In order to cache plan object in the OpenCL backend; ParLoopCall indirect Dat arguments are sorted by (Dat, Map) (7. and 8.), and provide a canonical representation of its arguments wrt plan caching (method _plan_key), that representation includes:

  • The size of the iteration space (1.)
  • The partition size (2., 3., and 4.)
  • For (5.), for each mapping, a tuple of the map values' md5 digest and of a the list of indices appearing in the args.
  • For (6.), for each Dat that is indirectly reduced, the list of tuple of map values' md5 digest and of indices through which Dat is reduced.

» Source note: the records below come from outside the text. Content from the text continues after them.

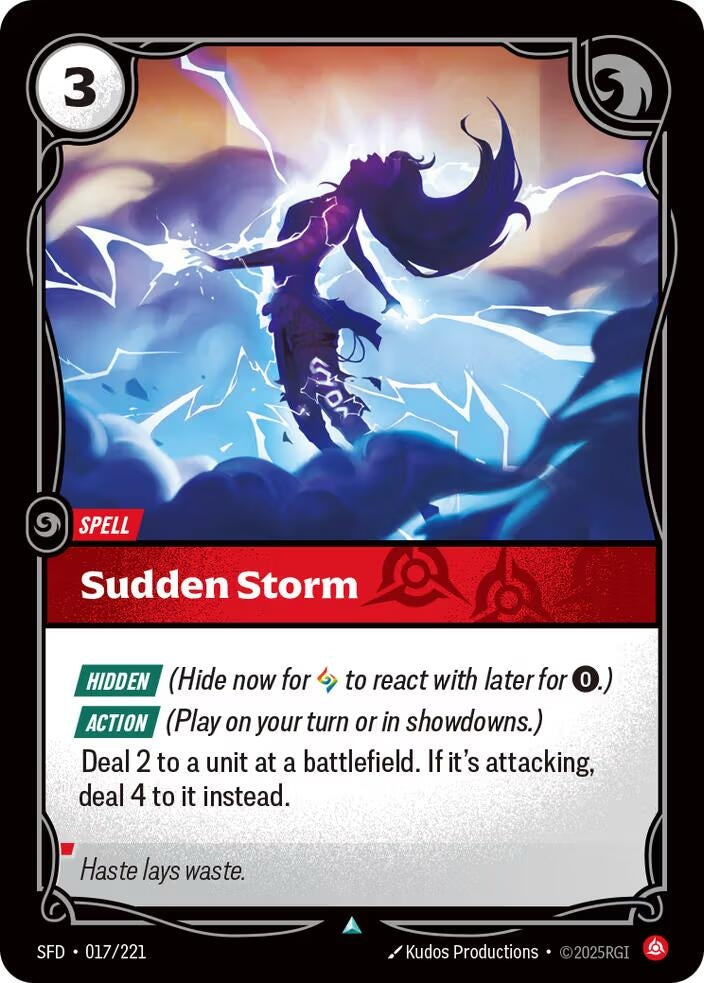 Image for Sudden Storm (017/221) [Spiritforged] - Riftbound: League of Legends Trading Card Game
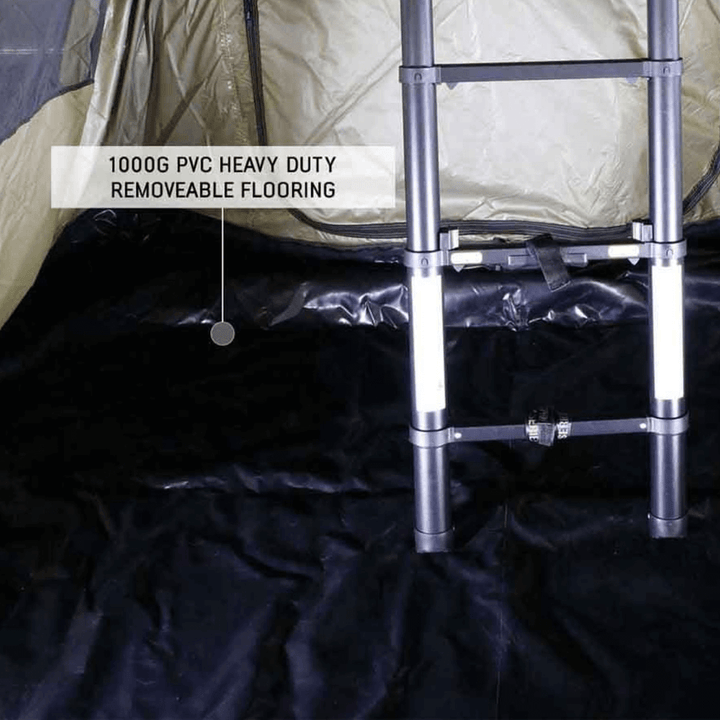 HD Nomadic 3 Roof Top Tent Annex Green Base With Black Floor & Travel Cover
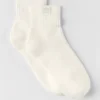 Quarter Crew Street Sock - Ivory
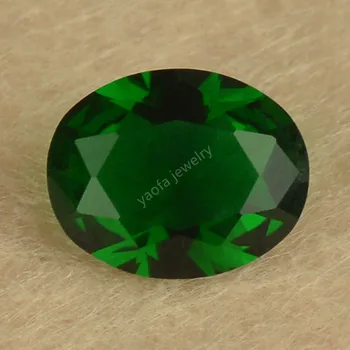 Продажа стеклянных бусин 2x3 ~ 15x20 мм 5A темно-зеленого цвета, драгоценных камней овальной формы, бриллиантовой огранки, сыпучих синтетических стеклянных камней для ювелирных изделий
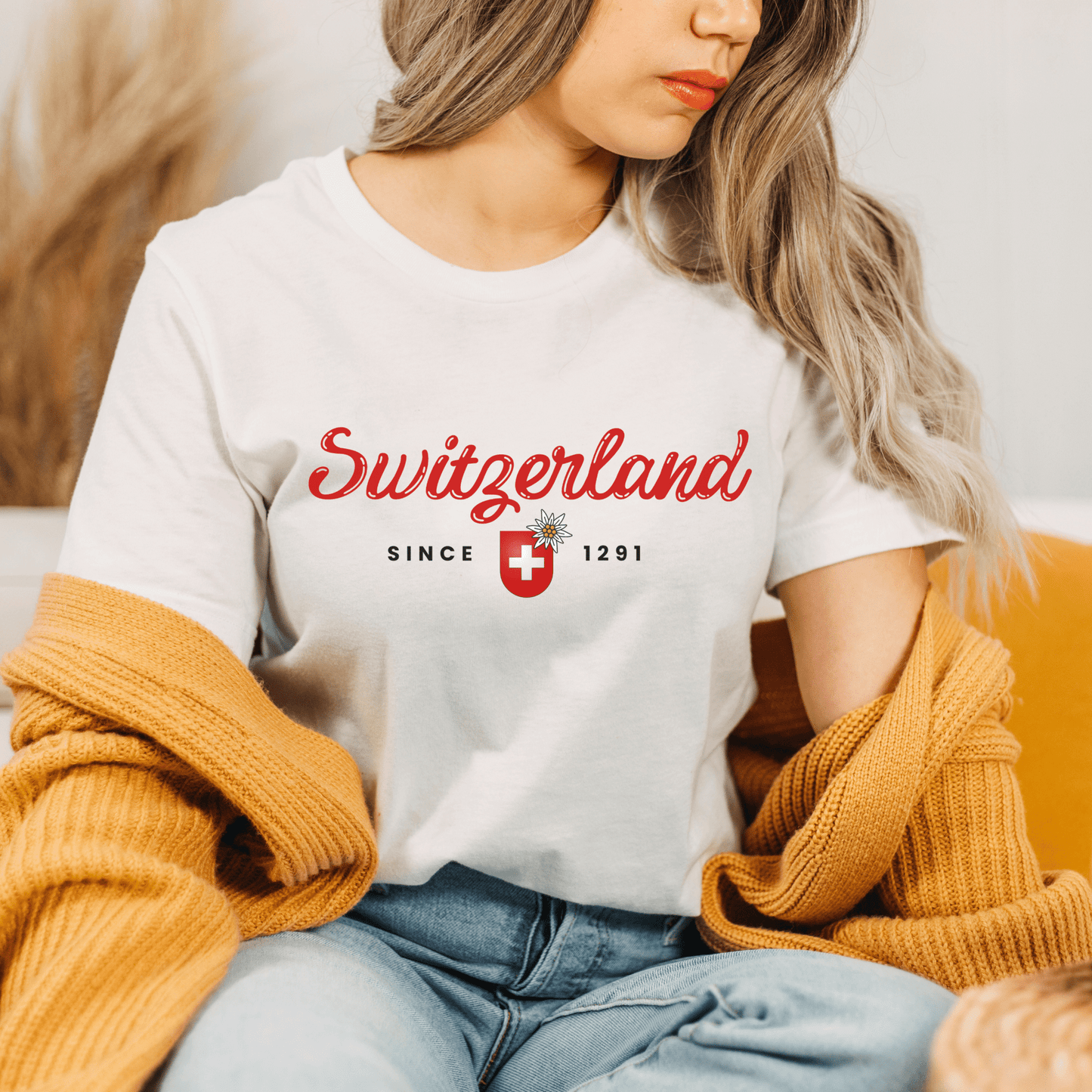 Switzerland souvenir t-shirt for ladies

This canonical representation is laid as follows:

(iteraction_space_size, partition_size, [(map.md5digest, [idx])], [[(map.md5digest, [idx])]])

notes

  • do we actually need to digest entire mapping values ? can we digest only the elements that are actually indexed ?

generated code caching

The generated code for the execution of a par_loop depends on the characteristics of ParLoopCall:

  1. The user kernel as it is directly inlined in the generated code.
  2. The name of the user kernel function: affect the call statement inside the kernel stub.
  3. The type of par_loop: direct or indirect.
  4. The Const objects of the user program: argument of the kernel stub and user kernel.
  5. The dimension of Const objects (scalar or not): scalar const are passed by value to the user kernel while non scalar are passed as pointers.
  6. Argument type (Dat, Global, Mat): each type has specific generate code logic.
  7. Argument data type: affect type declaration for argument, local variables etc.
  8. Staged Dat argument dimension: affect staging code.
  9. Global reduction argument dimension: affect work-grou-wide reduction code.
  10. Staged Dat argument access mode: (R,RW: need staging-in code, RW,W: need staging-out code, INC: need coloured execution scheme.
  11. The unique Dat-Map pair: affect the number of ind map.
  12. The indirect Dat arguments: affect which ind and loc map used.
  13. Vec maps argument dimension: affect the code populating the local vec map array.
  14. The order of the arguments: affect the user kernel call statement.
  15. The iteration space extents.

parloop characterisation

In order to cache generated code in the OpenCL backend; the canonical representation of a ParLoopCall wrt generated code caching comprises:

  • An md5 digest of the user_kernel code (before instrumentation) and of the user kernel name (1. and 2.)
  • When present the iteration space's extents (15.) or an empty tuple
  • For each Const: a tuple (name, is_scalar) (4. and 5.)
  • For each arguments:
    • a tuple (type, dimension, access) (3.,6.,7.,8., 9., and 10.)
    • an indirect description value: (-1) for global and direct dats, the position of the Map in the order of appearance of Maps in the arguments (3., 11., 12., and 14.), of the negative value of the map dimension for vector arguments (13.).

This canonical representation is laid as follows:

(user_kernel_code_and_name_digest, extents, [(argtype, argdim, argacc, indvalue)], [(const_name, const_is_scalar)])

notes

  • note: the key is redundant wrt to (3.).